## [TASK DATA]
****
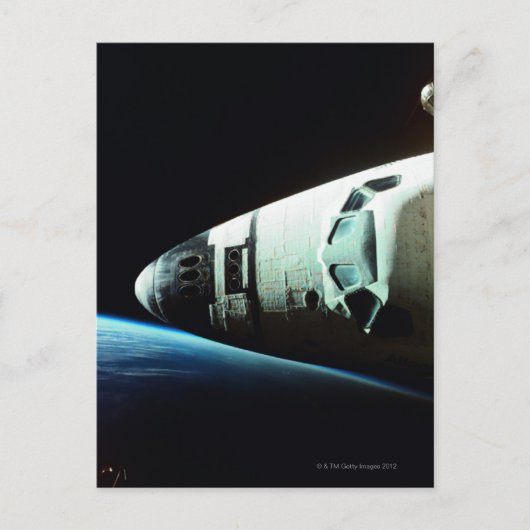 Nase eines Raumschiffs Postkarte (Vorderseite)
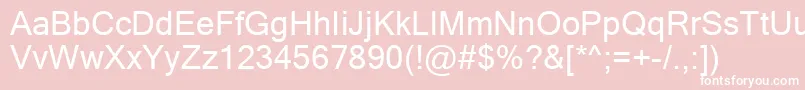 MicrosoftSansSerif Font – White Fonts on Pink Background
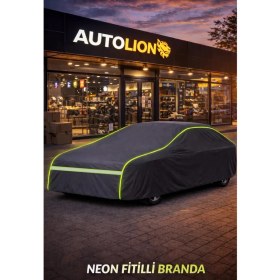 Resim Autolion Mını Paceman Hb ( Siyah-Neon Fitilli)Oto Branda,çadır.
****
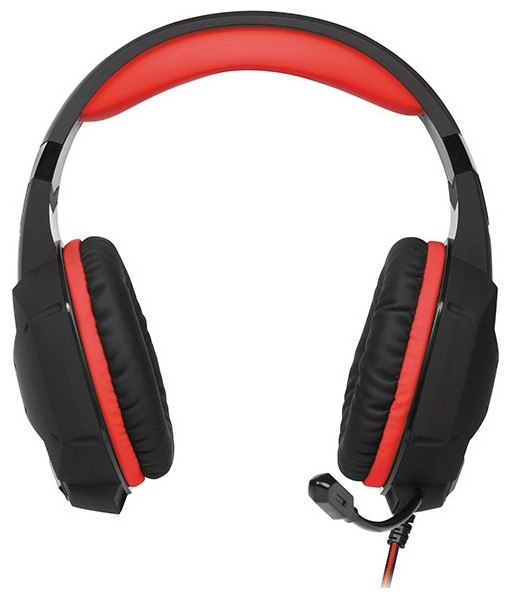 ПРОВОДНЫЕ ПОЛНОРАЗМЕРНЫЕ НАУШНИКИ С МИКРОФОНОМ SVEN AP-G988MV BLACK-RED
****
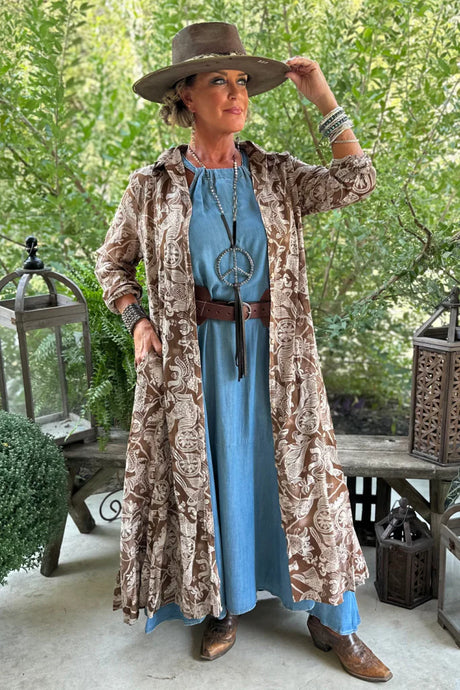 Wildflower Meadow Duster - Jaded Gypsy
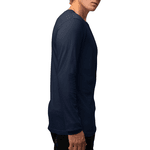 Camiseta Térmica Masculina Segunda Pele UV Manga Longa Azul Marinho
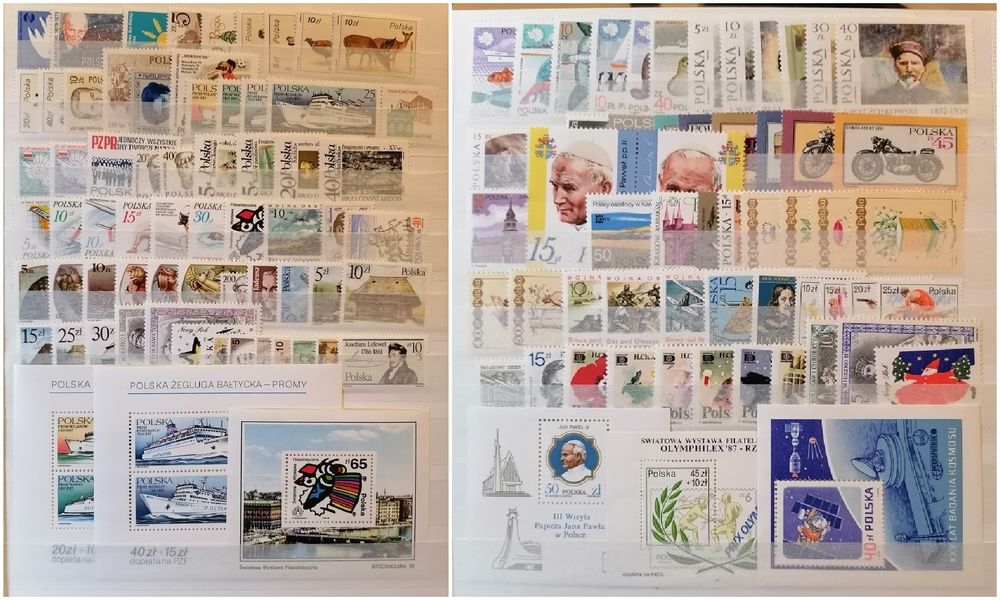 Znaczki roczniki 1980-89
****
## [WHAT NEEDS TO BE DONE]
Using the records above, print exactly the lines between the ones containing "MicrosoftSansSerif Font –" and "Resim Autolion Mını", inclusive, and nothing else; no pictures.

## [SOLUTION FOR THIS EXERCISE]
 MicrosoftSansSerif Font – White Fonts on Pink Background
 Resim Autolion Mını Paceman Hb ( Siyah-Neon Fitilli)Oto Branda,çadır.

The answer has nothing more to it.